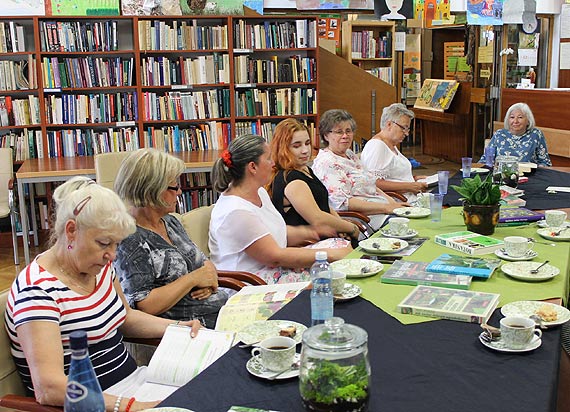 Spotkanie Dyskusyjnego Klubu Ksiki w midzyzdrojskiej bibliotece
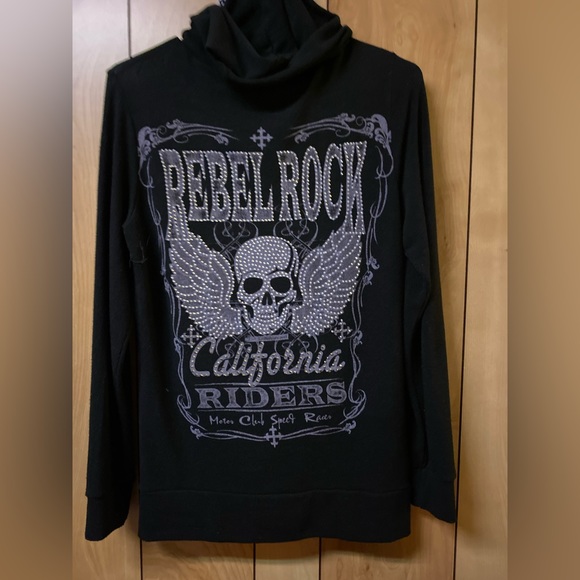 clothes for sale !! - Picture 1 of 2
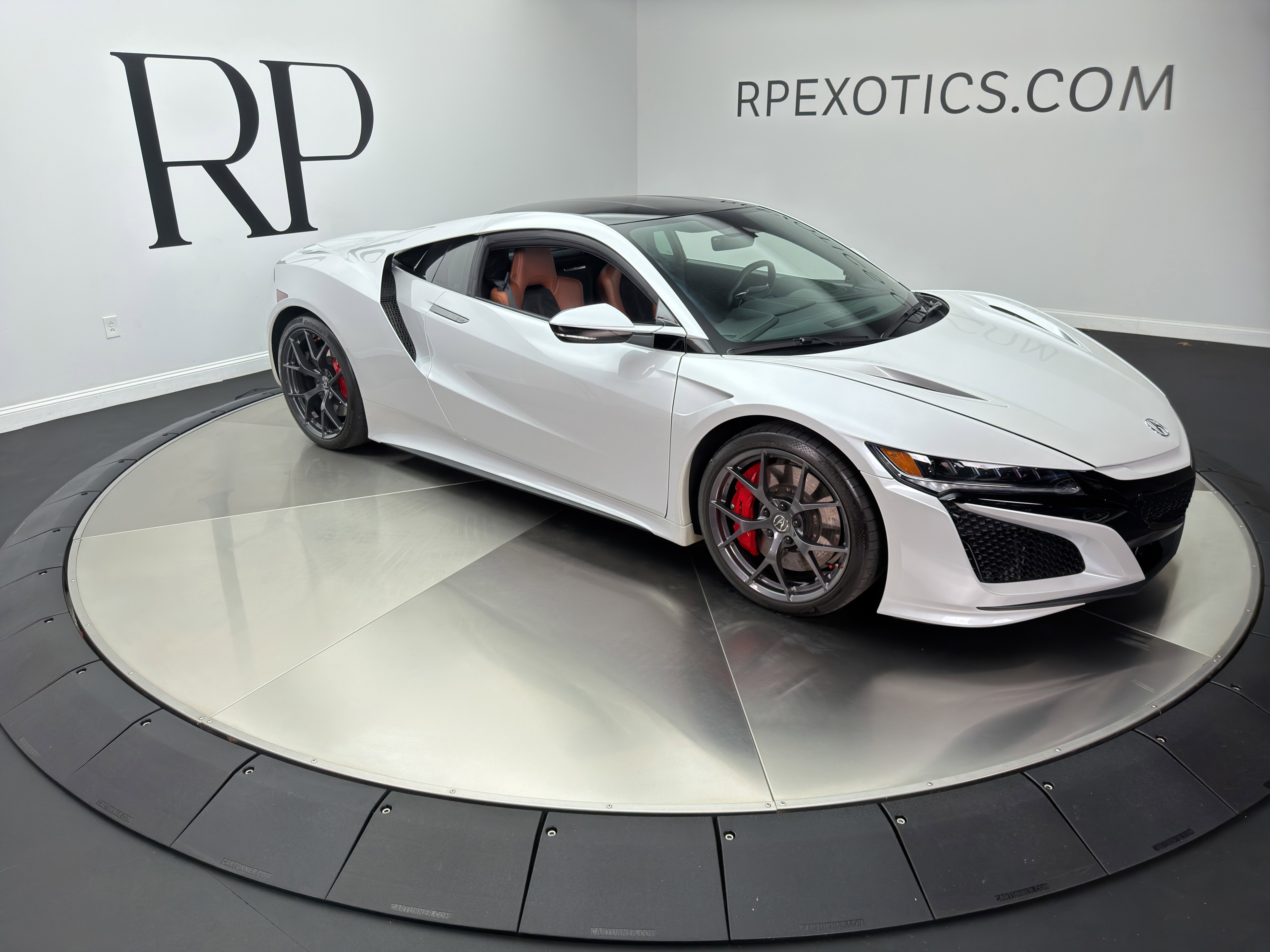 Used 2021 Acura NSX AWD/4WD image 10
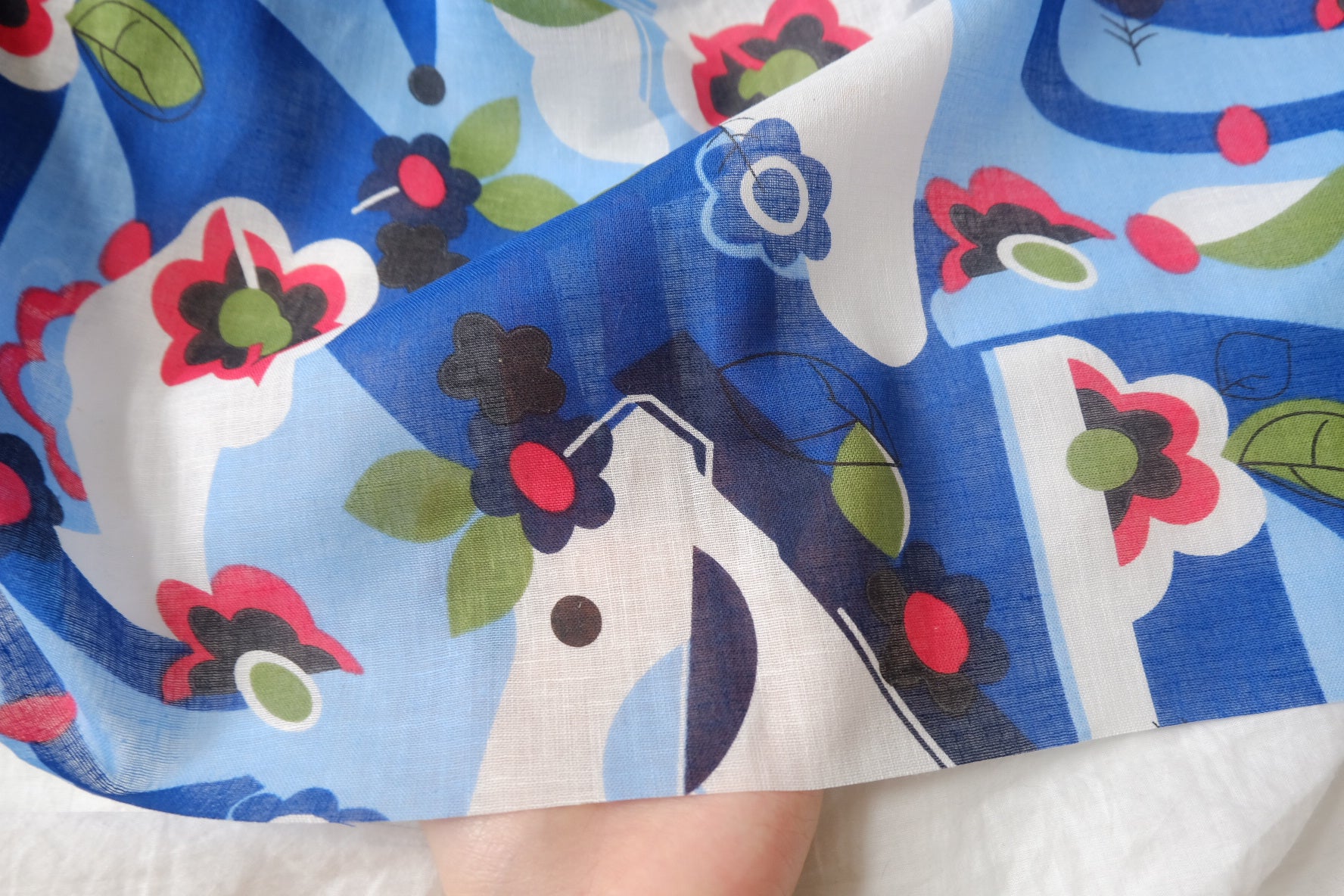 Blue Horse Folk Print Lightweight Linen Cotton Fabric - 2.19 yd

•••••

» What you should do
The whole listing, minus its images, should be repeated exactly.

» Solution to this exercise
 Spotkanie Dyskusyjnego Klubu Ksiki w midzyzdrojskiej bibliotece
 clothes for sale !! - Picture 1 of 2
 Used 2021 Acura NSX AWD/4WD image 10
 Blue Horse Folk Print Lightweight Linen Cotton Fabric - 2.19 yd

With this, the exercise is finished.